It is most unlikely that I would ever have written this book without the help and encouragement of my fellow trustees of Coastal Forces Heritage Trust. They asked me to join them because I was my father’s son and they then supported my amateur efforts at writing naval biography. The web of contacts with ex-Coastal Forces personnel through CFHT has been invaluable.
In order to write this book I have had to learn a great deal about the history of Coastal Forces from 1939 to 1943. Without the help of Geoffrey Hudson, the acknowledged expert on Coastal Forces’ boats, and Len Reynolds, the author of the most complete history of Coastal Forces, most especially MTBs and MGBs at War in Home Waters, this book would have been so full of errors as to become a laughing stock to the veterans who served during that period. They have been kind enough to supply me with an immense amount of data concerning Coastal Forces in general and the Sixth and Eighth MGB Flotillas in particular. The third source of vital information was Captain Trevor Robotham RN, who took off my back the task of searching Admiralty records via the Naval Historical Branch in Portsmouth. He is the Director of the Coastal Forces Heritage Trust but that research was no part of his duties as Director. Although I had some personal knowledge of my father’s pre war life, my elder brother, Robert Hichens, had far more and from his home in Cornwall was able to dig up a great deal that neither of us previously knew.
I have been in correspondence with a large number of men who served in Coastal Forces, some of them in the Sixth or Eighth MGB Flotillas. I would particularly like to thank Sydney Dobson, sometime Able Seaman in the Eighth Flotilla, Roland Clarke sometime gunner in the Sixth Flotilla, Roland Clarke sometime gunner in the Sixth MGB Flotilla, John Motherwell, sometime Sub-Lieutenant, RCNVR, Charlie Mercer, sometime Oerlikon gunner in MGB 21, Cameron Gough, sometime Lieutenant RNVR who commanded MGB 81 later in the war, James Shadbolt, sometime Lieutenant RNVR and a member of the Eighth Flotilla as a Midshipman and the late Lieutenant Commander Tom Ladner, RCNVR who commanded MGB 75. I was also greatly helped by Captain Michael Fulford Dobson RN, who served in fast patrol boats in the 1950’s and provided valuable criticism of the book as a whole.
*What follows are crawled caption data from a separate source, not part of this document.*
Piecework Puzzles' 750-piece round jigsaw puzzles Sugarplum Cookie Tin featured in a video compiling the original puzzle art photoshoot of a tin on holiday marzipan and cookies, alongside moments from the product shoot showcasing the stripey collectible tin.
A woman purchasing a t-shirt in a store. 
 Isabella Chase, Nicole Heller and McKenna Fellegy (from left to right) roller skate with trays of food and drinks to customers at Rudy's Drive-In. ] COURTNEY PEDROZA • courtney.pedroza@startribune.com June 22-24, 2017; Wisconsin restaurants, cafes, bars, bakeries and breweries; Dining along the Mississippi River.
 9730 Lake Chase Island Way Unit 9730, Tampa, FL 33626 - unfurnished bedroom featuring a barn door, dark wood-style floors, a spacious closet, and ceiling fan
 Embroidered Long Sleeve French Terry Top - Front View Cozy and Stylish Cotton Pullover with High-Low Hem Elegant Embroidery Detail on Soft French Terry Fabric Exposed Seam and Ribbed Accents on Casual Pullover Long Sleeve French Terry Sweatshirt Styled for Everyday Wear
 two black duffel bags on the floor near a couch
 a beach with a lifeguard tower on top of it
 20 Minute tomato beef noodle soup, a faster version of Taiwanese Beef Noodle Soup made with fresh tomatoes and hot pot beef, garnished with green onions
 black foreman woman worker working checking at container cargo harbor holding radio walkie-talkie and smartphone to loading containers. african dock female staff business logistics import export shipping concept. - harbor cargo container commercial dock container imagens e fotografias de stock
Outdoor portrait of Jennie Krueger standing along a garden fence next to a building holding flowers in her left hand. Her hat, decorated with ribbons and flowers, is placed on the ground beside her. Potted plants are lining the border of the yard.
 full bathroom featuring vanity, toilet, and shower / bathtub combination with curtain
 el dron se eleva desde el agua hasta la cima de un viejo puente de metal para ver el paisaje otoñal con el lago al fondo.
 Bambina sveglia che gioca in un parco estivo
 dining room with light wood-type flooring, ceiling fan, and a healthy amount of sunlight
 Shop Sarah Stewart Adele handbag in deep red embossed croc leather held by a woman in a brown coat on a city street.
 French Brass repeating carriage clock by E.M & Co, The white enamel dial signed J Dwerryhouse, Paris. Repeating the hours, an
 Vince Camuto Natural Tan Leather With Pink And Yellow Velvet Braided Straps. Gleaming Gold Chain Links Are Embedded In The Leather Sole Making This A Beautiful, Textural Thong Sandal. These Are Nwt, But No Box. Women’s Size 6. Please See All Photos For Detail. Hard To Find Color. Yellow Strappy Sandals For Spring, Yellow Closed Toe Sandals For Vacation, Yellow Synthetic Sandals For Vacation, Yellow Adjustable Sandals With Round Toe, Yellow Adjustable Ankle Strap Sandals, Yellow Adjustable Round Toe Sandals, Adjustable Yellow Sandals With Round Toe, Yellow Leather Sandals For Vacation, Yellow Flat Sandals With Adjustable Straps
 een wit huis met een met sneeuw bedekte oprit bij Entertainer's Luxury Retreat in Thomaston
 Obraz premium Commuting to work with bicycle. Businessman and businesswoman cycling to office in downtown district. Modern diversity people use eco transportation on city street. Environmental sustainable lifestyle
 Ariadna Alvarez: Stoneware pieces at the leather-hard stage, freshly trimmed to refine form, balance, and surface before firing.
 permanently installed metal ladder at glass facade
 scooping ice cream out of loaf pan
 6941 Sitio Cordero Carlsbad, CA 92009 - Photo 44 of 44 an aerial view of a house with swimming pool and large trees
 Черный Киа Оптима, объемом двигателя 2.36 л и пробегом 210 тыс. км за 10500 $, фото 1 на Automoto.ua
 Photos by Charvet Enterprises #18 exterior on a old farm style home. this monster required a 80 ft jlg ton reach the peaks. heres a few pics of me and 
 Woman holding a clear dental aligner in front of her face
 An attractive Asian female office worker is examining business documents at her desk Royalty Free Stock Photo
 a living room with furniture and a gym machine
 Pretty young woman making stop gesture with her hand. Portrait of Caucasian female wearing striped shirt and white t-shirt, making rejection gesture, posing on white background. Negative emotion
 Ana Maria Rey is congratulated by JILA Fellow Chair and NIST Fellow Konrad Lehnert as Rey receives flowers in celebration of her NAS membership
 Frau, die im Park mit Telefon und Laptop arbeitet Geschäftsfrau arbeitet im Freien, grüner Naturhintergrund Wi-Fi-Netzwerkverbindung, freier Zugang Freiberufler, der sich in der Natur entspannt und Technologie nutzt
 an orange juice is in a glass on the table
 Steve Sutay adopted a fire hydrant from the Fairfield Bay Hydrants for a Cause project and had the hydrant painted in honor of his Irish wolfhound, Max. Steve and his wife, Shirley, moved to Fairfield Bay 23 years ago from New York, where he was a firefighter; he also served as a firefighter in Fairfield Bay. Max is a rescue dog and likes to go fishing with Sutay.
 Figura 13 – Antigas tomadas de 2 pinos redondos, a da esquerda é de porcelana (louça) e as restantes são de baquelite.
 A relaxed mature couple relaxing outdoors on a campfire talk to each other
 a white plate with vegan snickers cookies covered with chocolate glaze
I have quoted from a number of sources but most particularly Peter Dickens’ Night Action by courtesy of his widow, Mrs Mary Dickens, Major General Strictland’s private diaries courtesy of his son, Ben Strictland, Judy Middleton’s monograph of King Alfred, Peter Scott’s Battle of the Narrow Seas and Gordon Holman’s The Little Ships. Len Reynolds was also kind enough to let me quote from his book Gunboat 658, as did Roland Clarke from his book of recollections Perlethorpe to Portsmouth. I thank them all.
The maps were drawn and redrawn by Jane Michaelis as I found more and more places the reader needed to identify. She was both efficient and patient.
If the book is still full of typographical inaccuracies it is not the fault of either Geoffrey Hudson nor Hugh Robinson who both read it and corrected a multitude of errors. It reflects my own lack of attention to detail which I am now too old to curb.
I should also like to thank my long serving and long suffering secretary, Mrs Sheelagh Pigou, who produced multiple drafts with only the most occasional complaint, and Heather Holden-Brown, daughter of a distinguished Coastal Forces commander, who helped me through the publishing jungle but refused to take a fee for it.
Now I have written a book I realize how many unsung heroes there are behind every publication, though I suspect that in my case I owe more to the help of others than is normal.